**WHAT IS EXPECTED**. Look through the records that follow. Copy every line containing the word "Image".

**EXERCISE MATERIALS**.

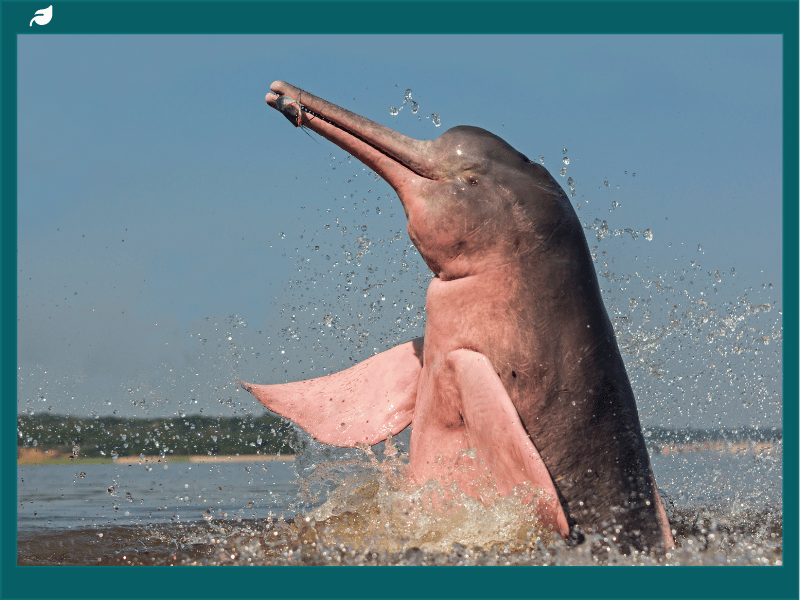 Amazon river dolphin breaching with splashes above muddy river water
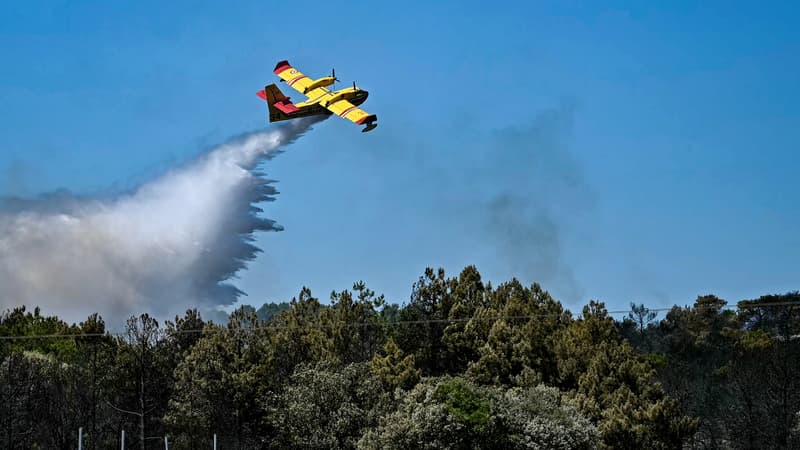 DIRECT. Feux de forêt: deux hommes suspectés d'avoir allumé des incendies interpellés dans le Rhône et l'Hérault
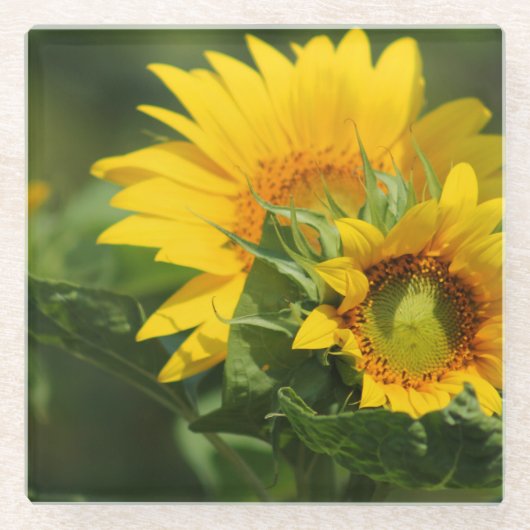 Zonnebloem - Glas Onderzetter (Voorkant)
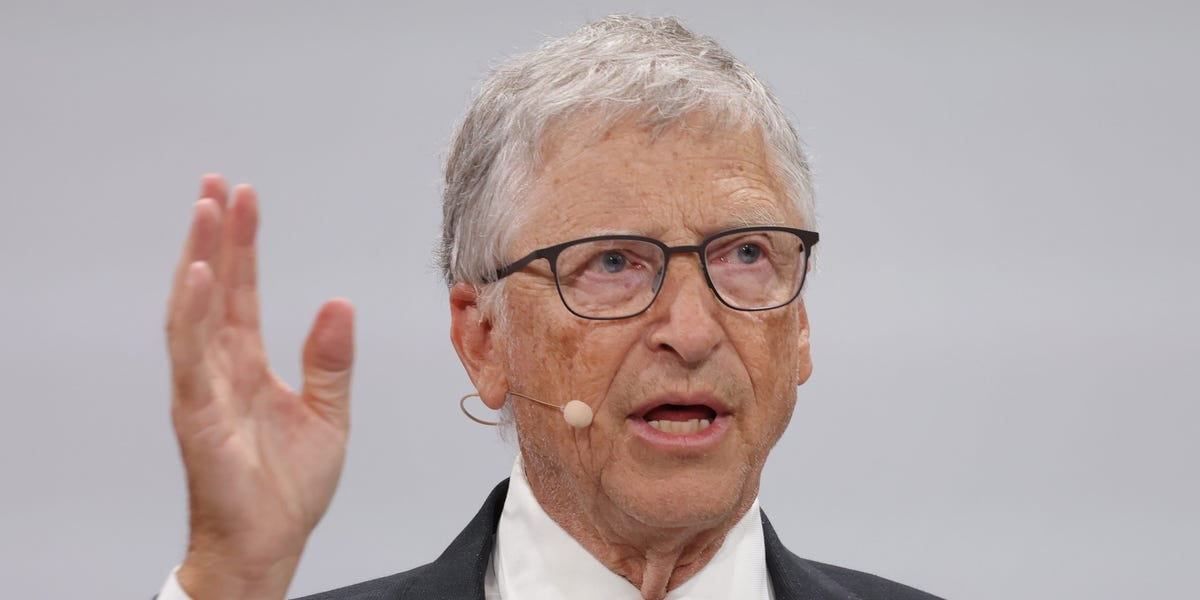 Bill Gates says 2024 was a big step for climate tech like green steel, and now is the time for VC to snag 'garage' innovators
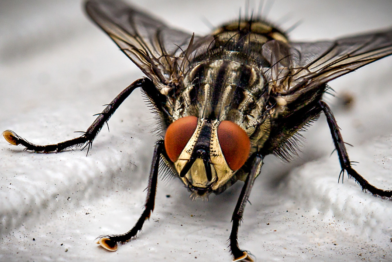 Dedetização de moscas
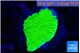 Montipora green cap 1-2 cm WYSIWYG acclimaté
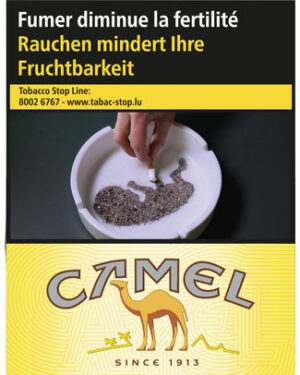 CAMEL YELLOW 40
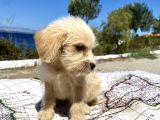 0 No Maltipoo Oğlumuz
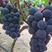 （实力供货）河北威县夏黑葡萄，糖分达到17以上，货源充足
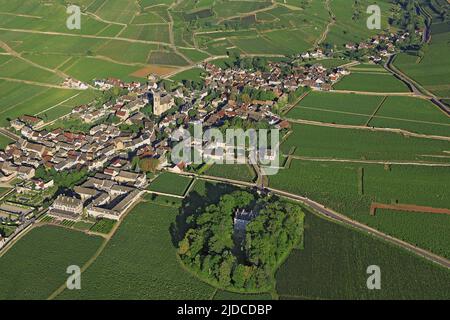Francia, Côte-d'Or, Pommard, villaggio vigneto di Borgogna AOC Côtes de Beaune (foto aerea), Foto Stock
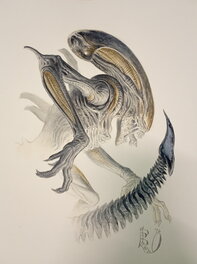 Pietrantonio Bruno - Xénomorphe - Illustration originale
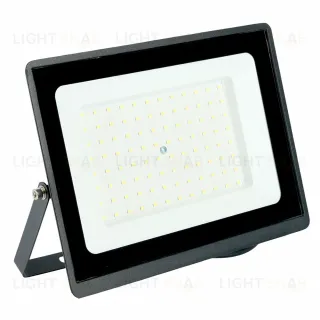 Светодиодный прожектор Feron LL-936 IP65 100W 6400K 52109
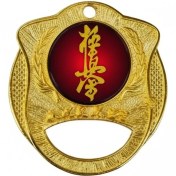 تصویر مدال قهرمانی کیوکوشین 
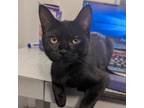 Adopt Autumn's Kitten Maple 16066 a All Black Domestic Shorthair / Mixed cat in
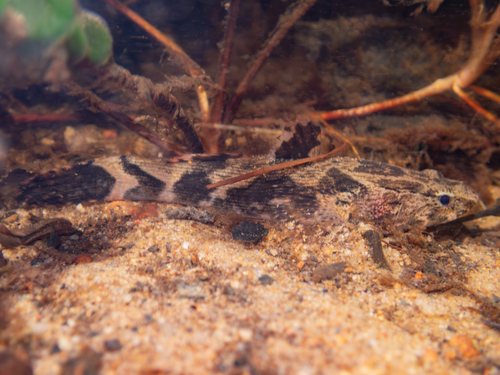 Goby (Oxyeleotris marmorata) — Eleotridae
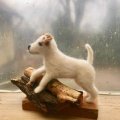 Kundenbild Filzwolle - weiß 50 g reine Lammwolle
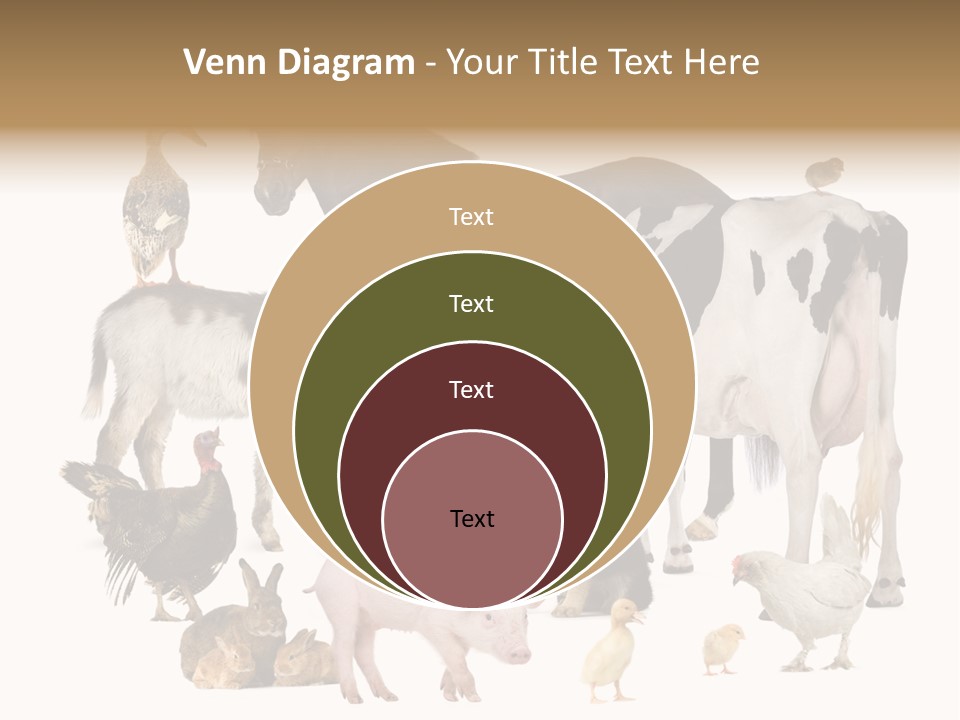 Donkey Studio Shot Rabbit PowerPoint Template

...

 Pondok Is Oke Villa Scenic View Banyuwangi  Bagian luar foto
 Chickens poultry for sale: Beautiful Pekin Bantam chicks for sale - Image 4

---

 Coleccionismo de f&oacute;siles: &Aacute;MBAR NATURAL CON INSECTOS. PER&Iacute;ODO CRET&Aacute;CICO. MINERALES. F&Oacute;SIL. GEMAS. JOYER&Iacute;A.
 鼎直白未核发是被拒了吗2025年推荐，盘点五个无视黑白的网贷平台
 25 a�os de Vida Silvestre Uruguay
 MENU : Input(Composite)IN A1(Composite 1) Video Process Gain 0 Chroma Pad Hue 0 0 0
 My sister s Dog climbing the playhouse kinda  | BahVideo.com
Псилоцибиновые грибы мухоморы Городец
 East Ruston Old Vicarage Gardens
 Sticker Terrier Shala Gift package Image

**OUTPUT OF THE EXERCISE**.
 Chickens poultry for sale: Beautiful Pekin Bantam chicks for sale - Image 4
 Sticker Terrier Shala Gift package Image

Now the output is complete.